* **DATA TO USE**:
++++++++++++++++++++
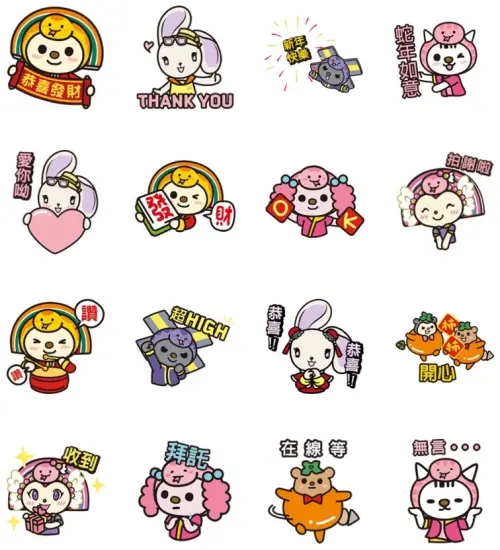 ▲LINE免費貼圖「2025 OPEN!新年快樂動次動!」。(圖/取自LINE) ▲LINE免費貼圖「2025 OPEN!新年快樂動次動!」。(圖/取自LINE)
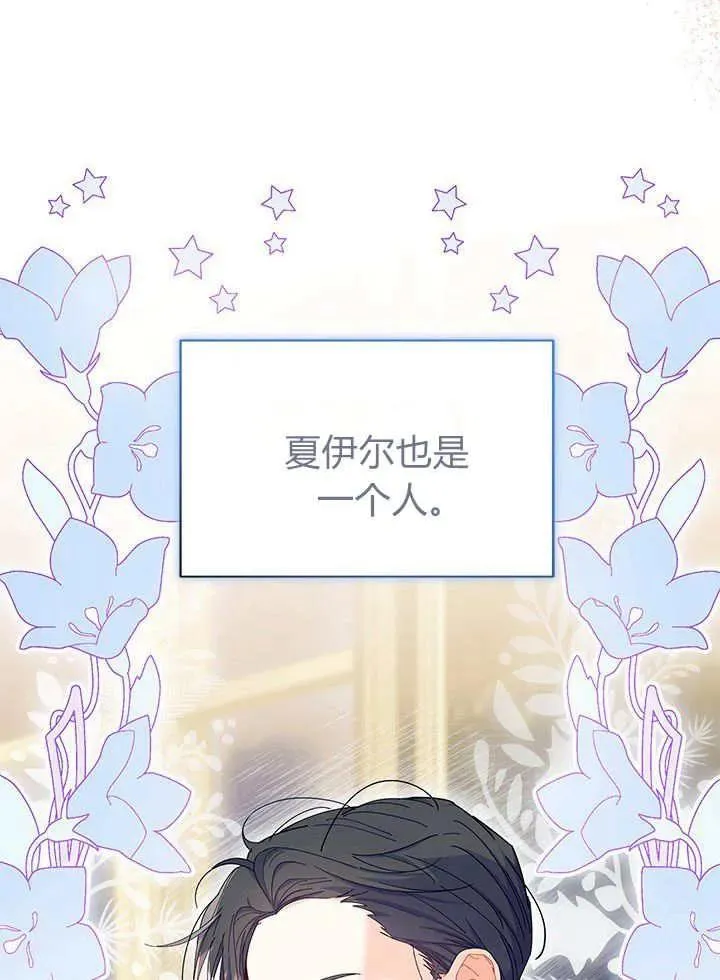 谢绝当鹊桥免费看全集漫画,第66话2图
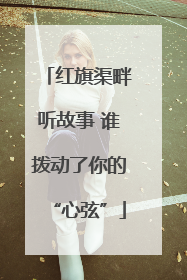 红旗渠畔听故事 谁拨动了你的“心弦”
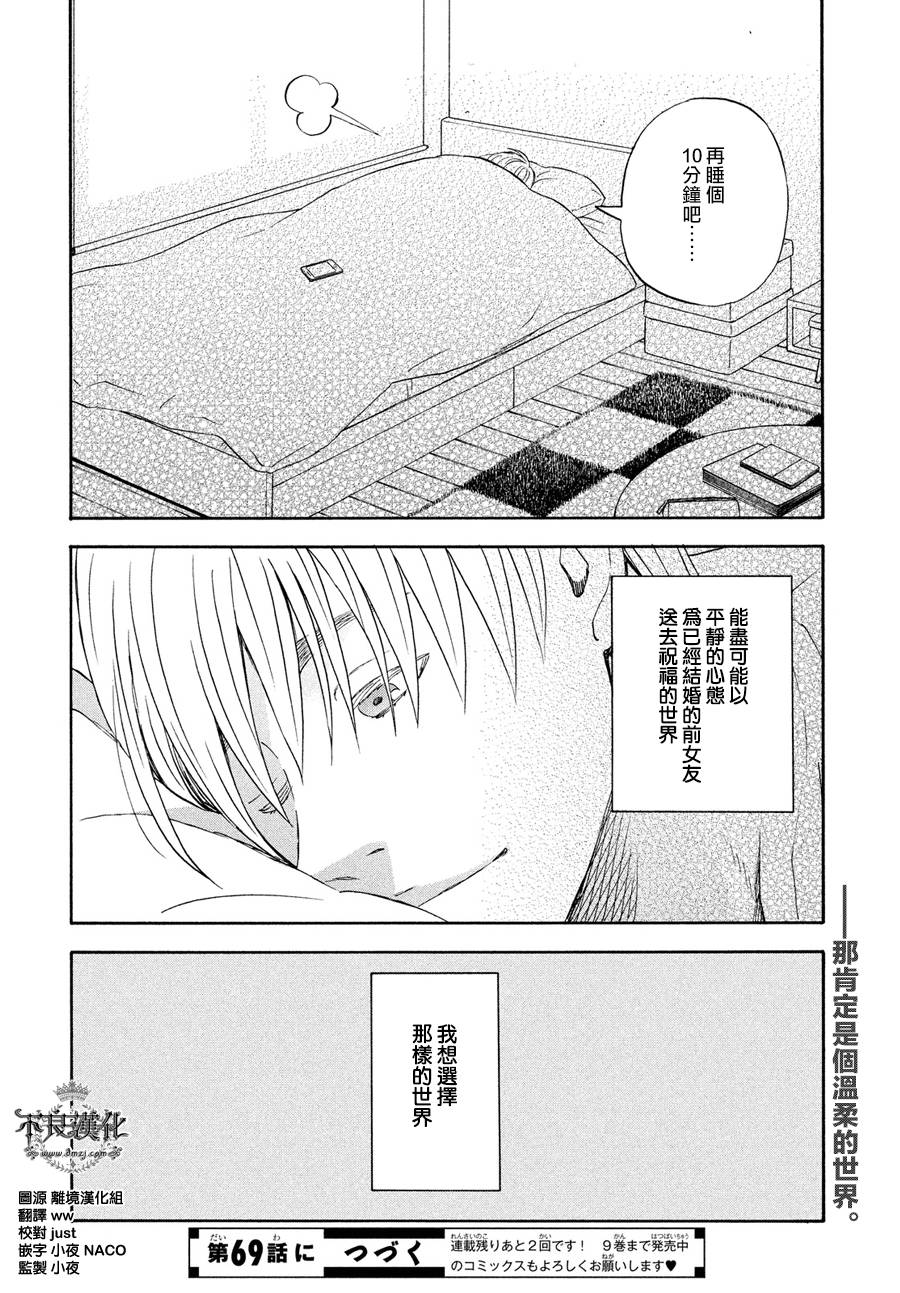 liar×liar韩漫全集-第68话无删减无遮挡章节图片 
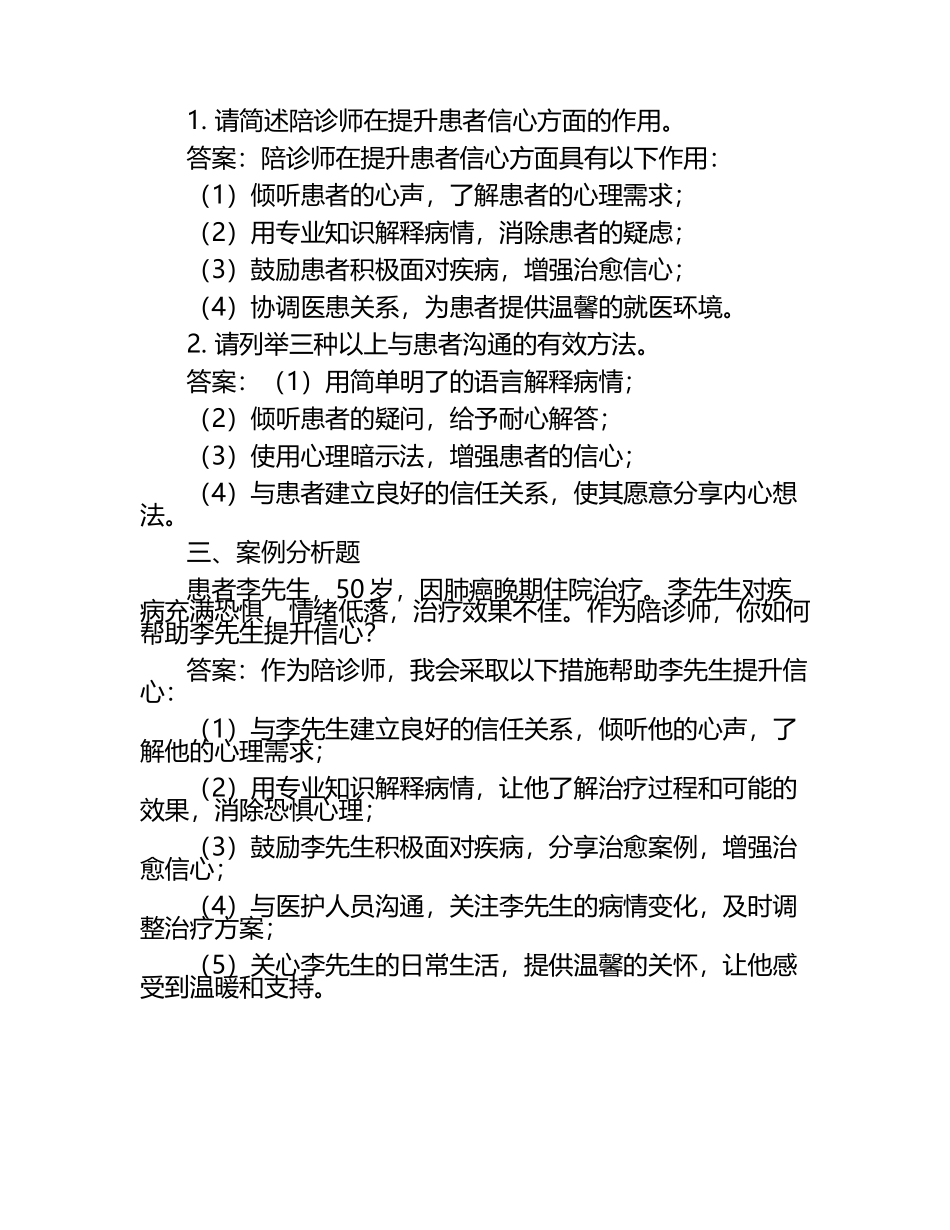 提升信心的陪诊师考试试题及答案.docx_第2页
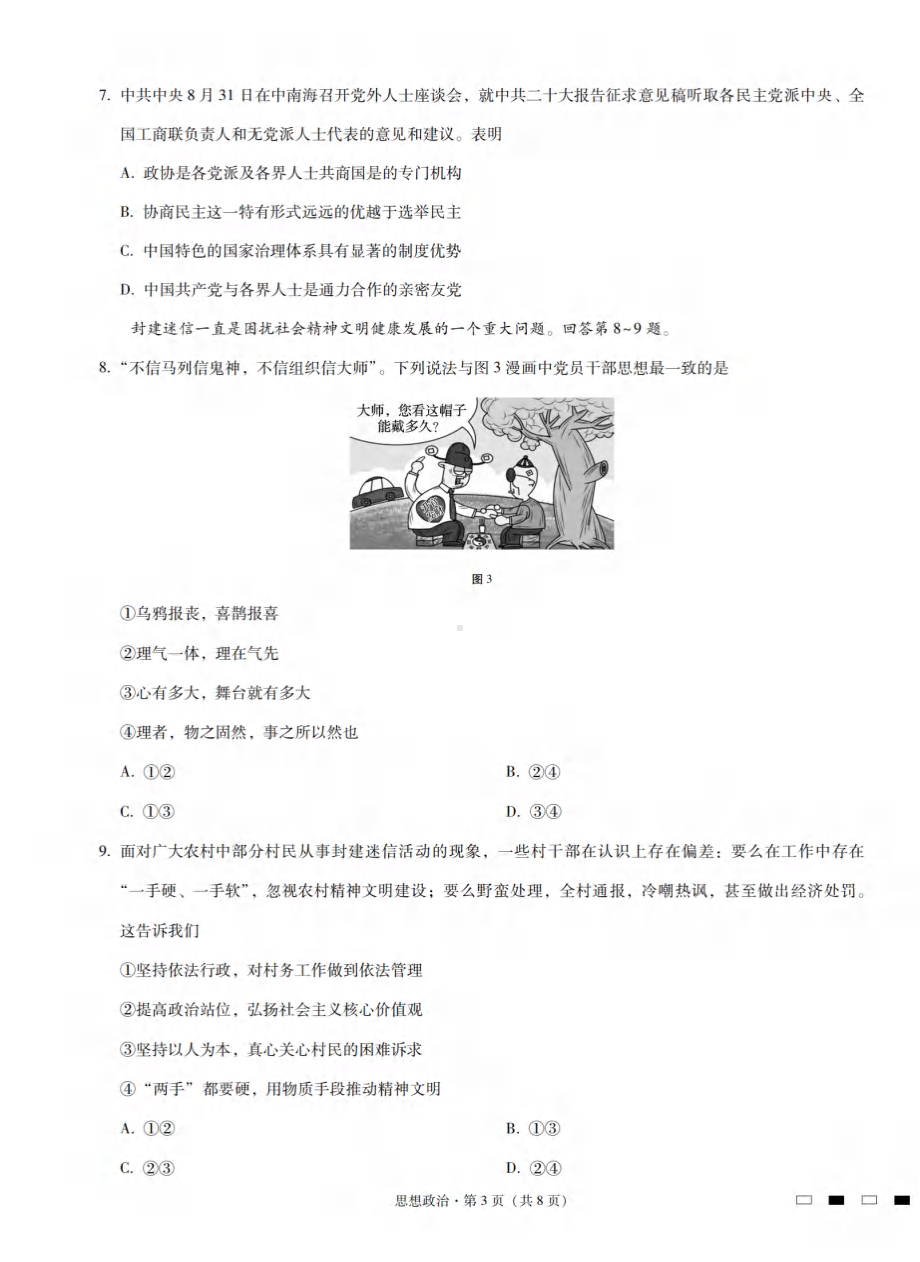 重庆市巴蜀 2022-2023学年高三高考适应性月考（四）政治试题.pdf_第3页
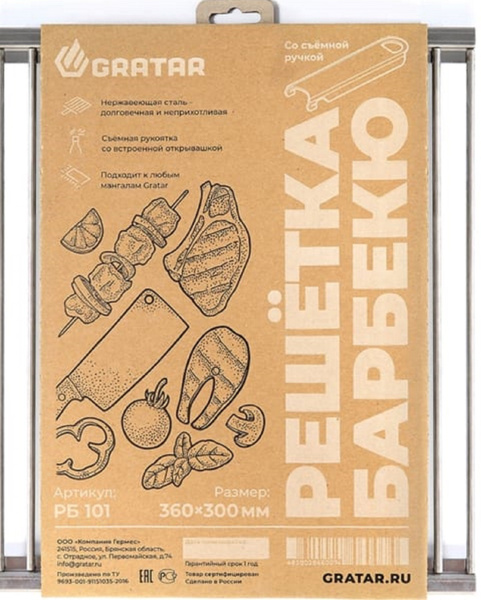 Решетка-гриль GRATAR Нержавеющая сталь купить по выгодной цене в ...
++++++++++++++++++++
* **WHAT IS NEEDED**: Set down the records exactly, without the pictures.

* **ANSWER SECTION**:
 ▲LINE免費貼圖「2025 OPEN!新年快樂動次動!」。(圖/取自LINE) ▲LINE免費貼圖「2025 OPEN!新年快樂動次動!」。(圖/取自LINE)
 谢绝当鹊桥免费看全集漫画,第66话2图
 红旗渠畔听故事 谁拨动了你的“心弦”
 liar×liar韩漫全集-第68话无删减无遮挡章节图片 
 提升信心的陪诊师考试试题及答案.docx_第2页
 重庆市巴蜀 2022-2023学年高三高考适应性月考（四）政治试题.pdf_第3页
 Решетка-гриль GRATAR Нержавеющая сталь купить по выгодной цене в ...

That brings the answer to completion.